Burgenland will sich als Marke international profilieren

Mit der Entwicklung einer eigenen Qualitätsmarke will das Burgenland Betriebe bei ihrem Auftritt am heimischen und internationalen Markt unterstützen. Der Startschuss für das Projekt fiel am Dienstag in Eisenstadt. Unter der noch zu kreierenden Dachmarke sollen zertifizierte Unternehmen Produkte und Dienstleistungen aus den Bereichen Tourismus, Wirtschaft, Kultur, Wein und Kulinarik anbieten können, sagte Landeshauptmann Hans Niessl.
Die Kriterien, unter denen das Qualitätszeichen vergeben wird, will man unter Beiziehung von Experten innerhalb eines Jahres festlegen. Bis Ende Jänner 2013 wolle man den Projektantrag entwickeln, um Förderungen in der Höhe von rund 450.000 Euro auslösen zu können, erläutert Niessl: „Das ist noch über das Phasing Out finanzierbar.“

Maria Kast, Geschäftsführerin des Weinwerks in Neusiedl am See begrüßt das Projekt. Aber nur, „sofern sich eventuelle Kosten und der bürokratische Aufwand in Grenzen halten“, weist Kast hin. Vor allem kleine Direktvermarkter würden diese aufgrund der geringen Preisspanne von einer Teilnahme abhalten, meint die Geschäftsführerin.
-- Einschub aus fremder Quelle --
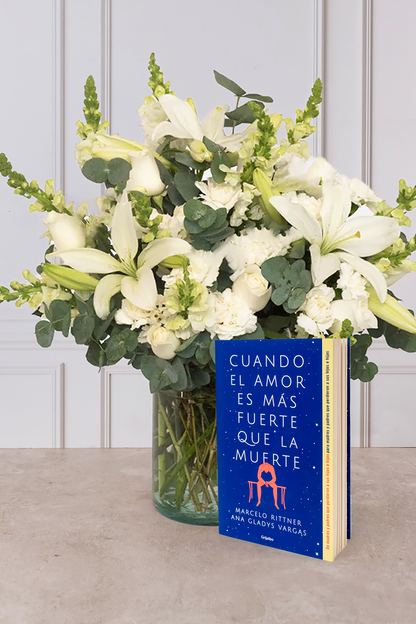 Libro + Luz Eterna - Lilium y Clavel Blanco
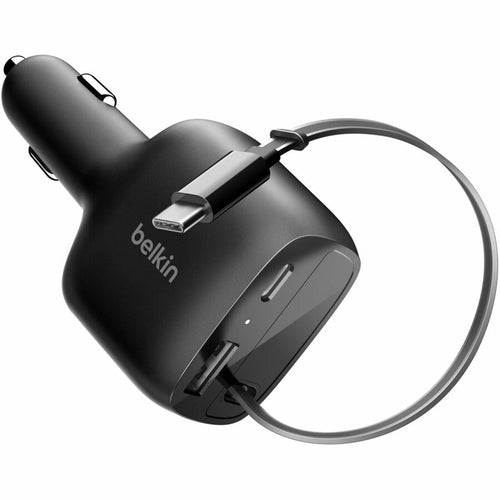 Belkin 75W Dual Port USB Car Charger - 1xUSB-A, 1xUSB-C w/ Retractable USB-C Cable - Black - CCC001fqBK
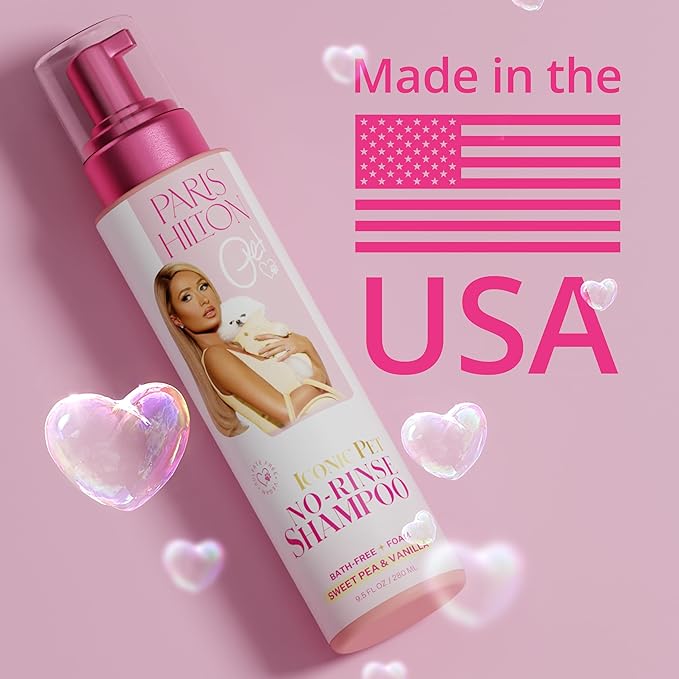 Paris Hilton Pet Iconic Sweet Pea & Vanilla Scent No-Rinse Dog Shampoo, Waterless Dog Wash, Hypoallergenic, 280ml – Quick Clean for Dogs, Easy Grooming, No Rinse Needed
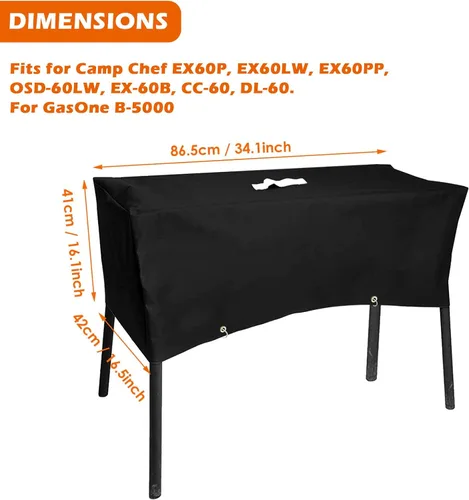 Vista 3 de Grisun Cubierta para estufa de patio para estufa Camp Chef de 2 quemadores, cubierta de parrilla para estufa Camp Chef EX60P, EX60LW, EX60PP, EX60B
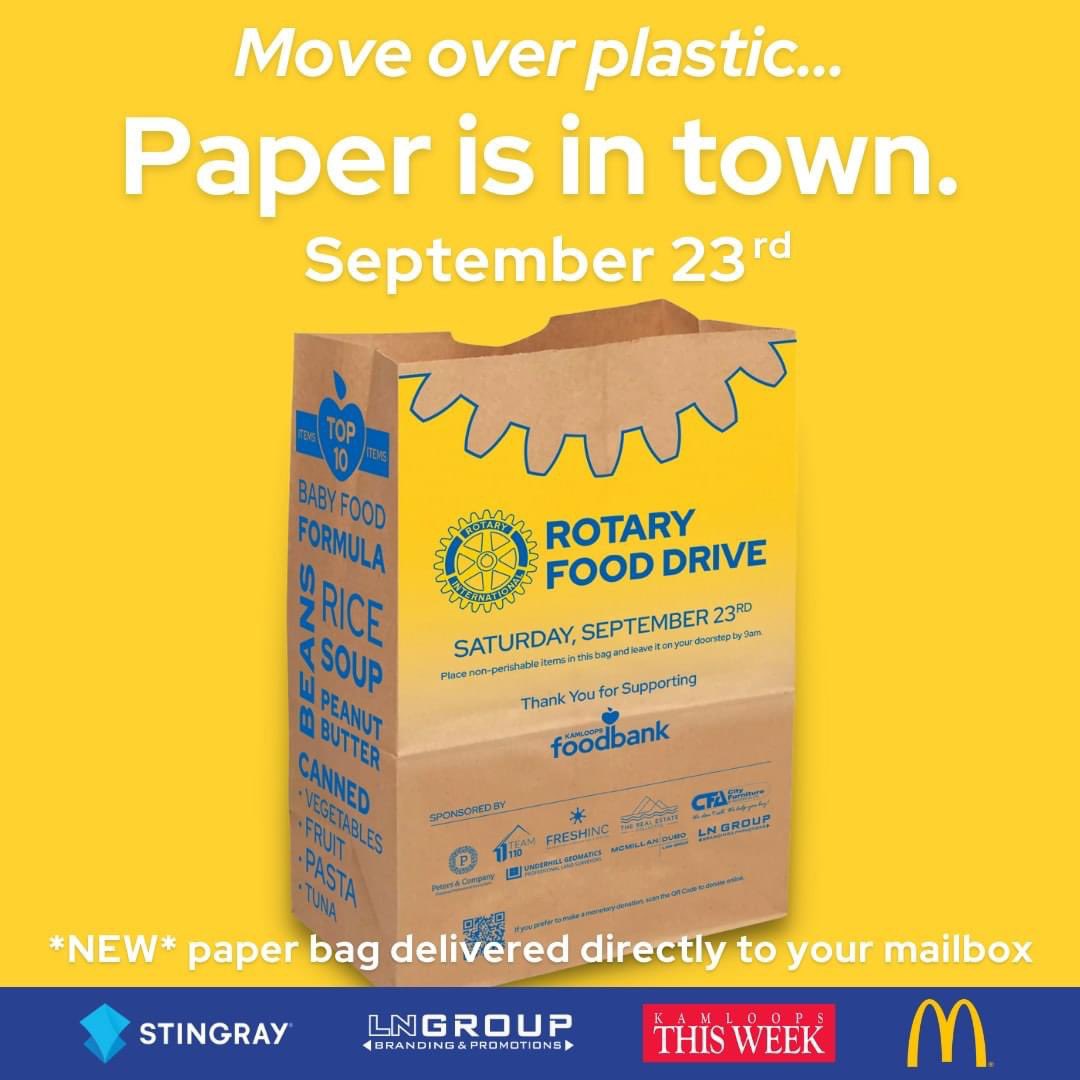 kamfoodbank's tweet photo. Get ready #Kamloops! The Fall Rotary Food Drive is just 2 weeks away! ππ
Keep an eye on your mailbox for the BRAND NEW paper bag, and don't forget to set it out on your doorstep by 9am on September 23rd! π¬ποΈ
Let's make a difference together! ππ
#RotaryFoodDrive https://t.co/D2TytciK2w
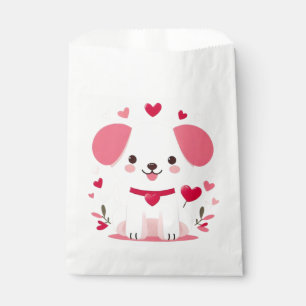 Cute whimsical valentine's puppy favour bags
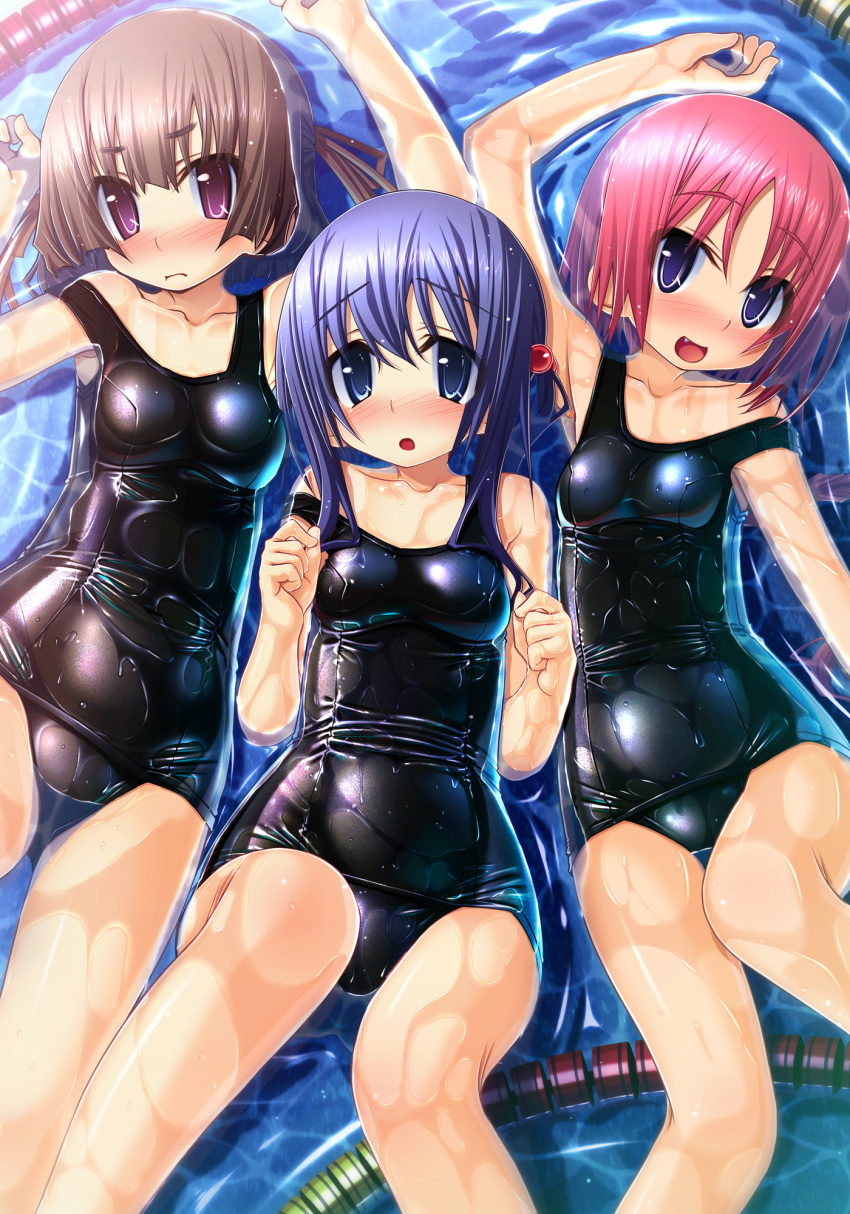 3girls blue_eyes blue_hair blush breasts brown_hair character_request commentary_request from_above hair_bobbles hair_ornament highres medium_breasts multiple_girls oerba_yun_fang one-piece_swimsuit open_mouth pink_hair purple_eyes sakuya_tsuitachi school_swimsuit shiny_clothes short_hair sidelocks skindentation strap_slip sukumizu_tabehoudai swimsuit water wet wet_clothes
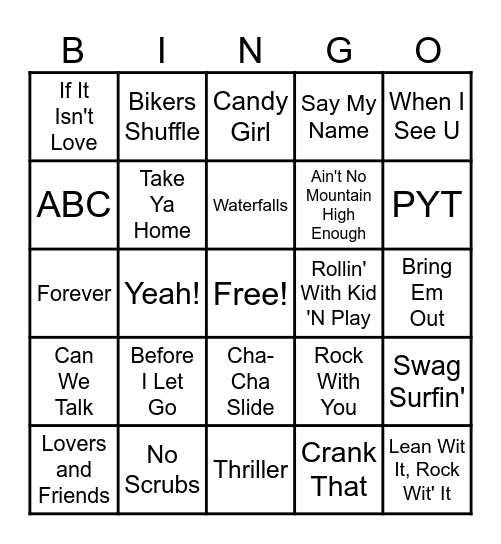 Throwback Music Bingo Card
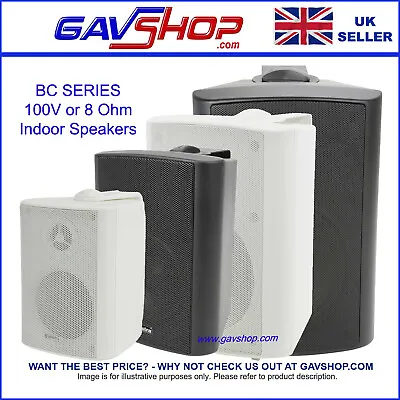 Adastra 8 Ohm Or 100V Line Indoor Wall Mount ABS Speakers Industry Standard • £33.49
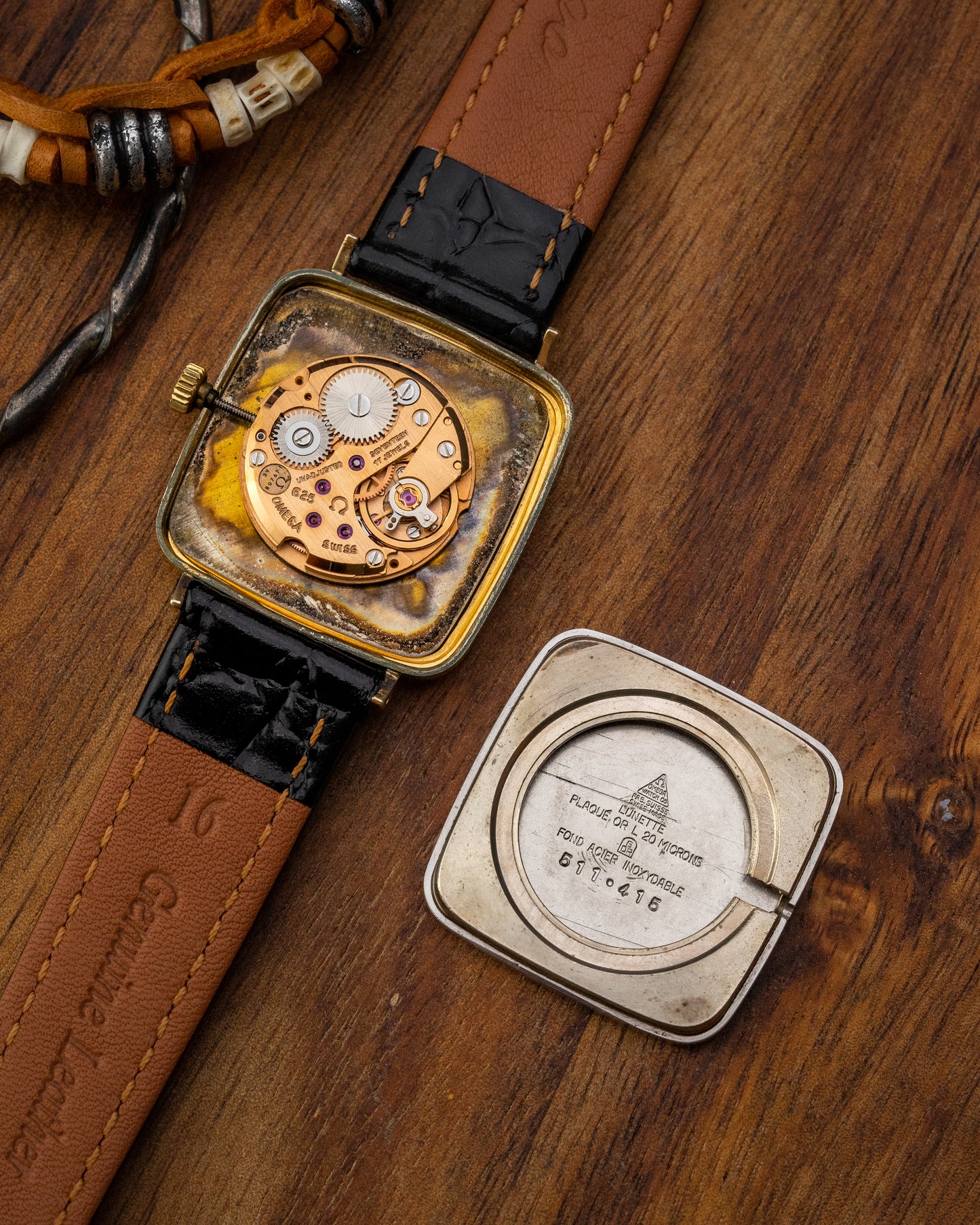 Omega De Ville "Square TV" White Roman dial Gold Ref. 511.415 (Cal. 625)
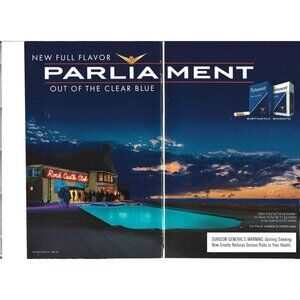 New Full Flavor Parliament Cigarette Advertisement 1990s Vintage Print Ad 2 PAGE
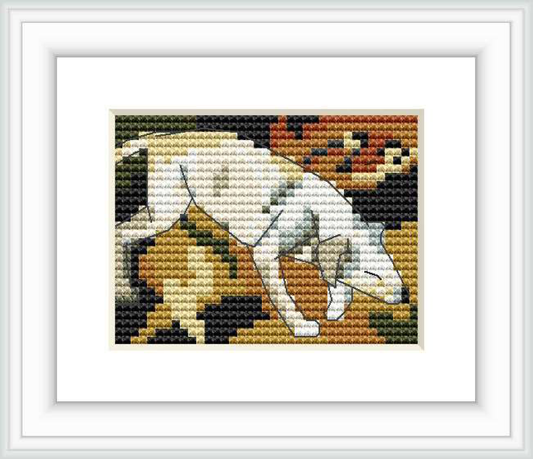 The image features a cross stitch pattern of a dog, captured in dynamic posture with a blend of vivid colors, set against a dark background to emphasize the subject.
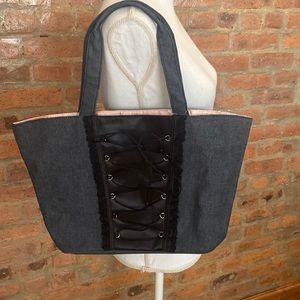 Victoria’s secret corsette denim tote bag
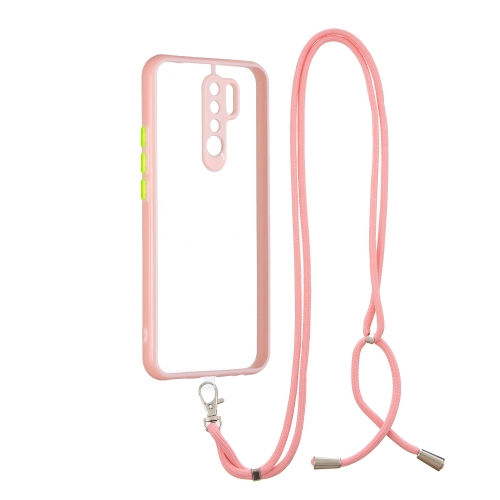 

For Xiaomi Redmi 9 / Redmi 9 Prime/Poco M2 Transparent PC+TPU Phone Case with Contrast Color Button & Neck Lanyard(Pink)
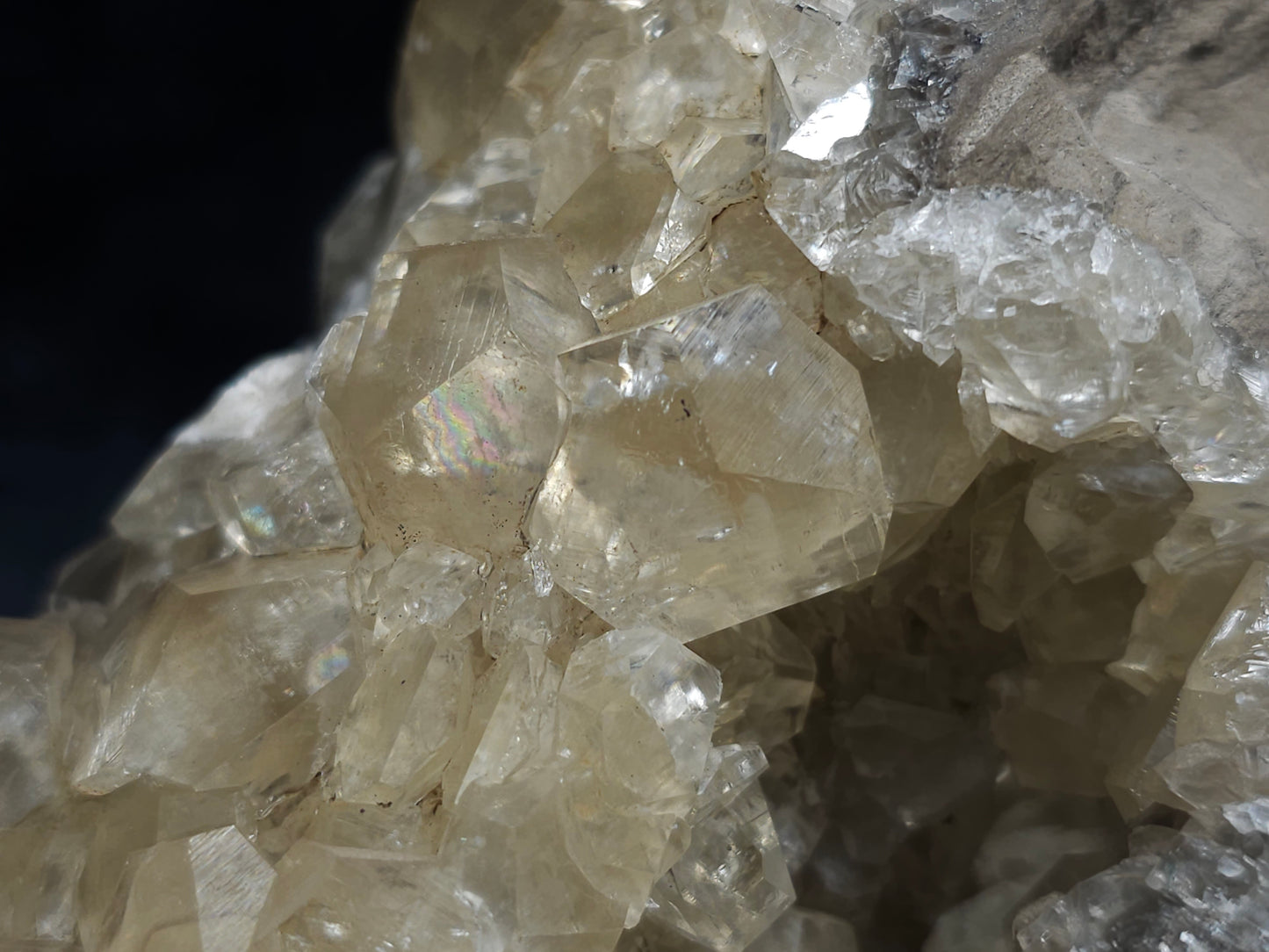 #34016 Super clear Nailhead Spar Calcite geode and  Chalcopyrite ore and multiple small fossils in the matrix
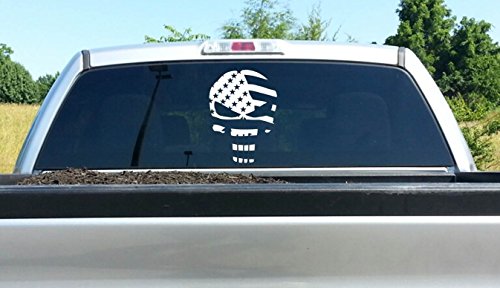 J1033 Large Skull Punisher Flag Decal Sticker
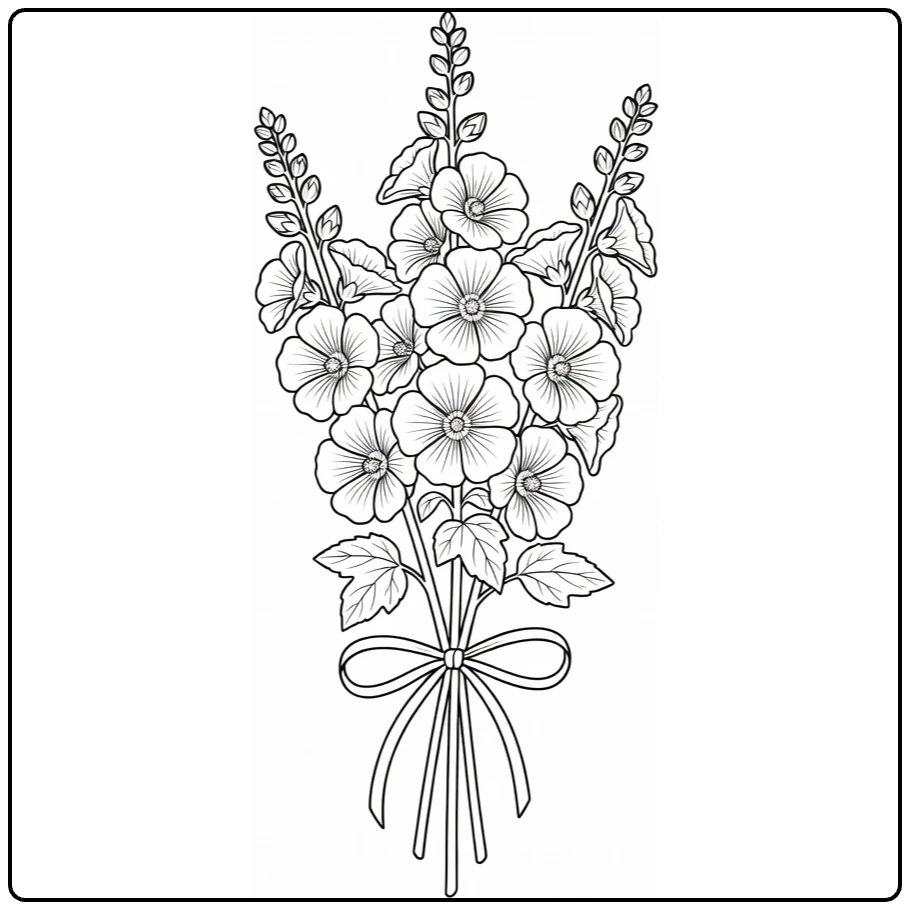 Hollyhock coloring page featuring a tall flower bouquet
Die Wirtschaftskammer erwarte sich von dem Projekt eine Erhöhung der regionalen Wertschöpfung, eine Steigerung der Exportrate von derzeit 35,2 Prozent des BIP sowie eine Absicherung von Arbeitsplätzen, erläuterte Präsident Peter Nemeth. Das Burgenland als Marke ermögliche Identifikation: „Wir können uns damit vom Mitbewerber abheben“, sagt Landwirtschaftskammerpräsident Franz Stefan Hautzinger.

Mit der Marke werde dem Konsumenten signalisiert, „dass er gute Qualität bekommt“, erklärt der Präsident der Arbeiterkammer Burgenland, Alfred Schreiner.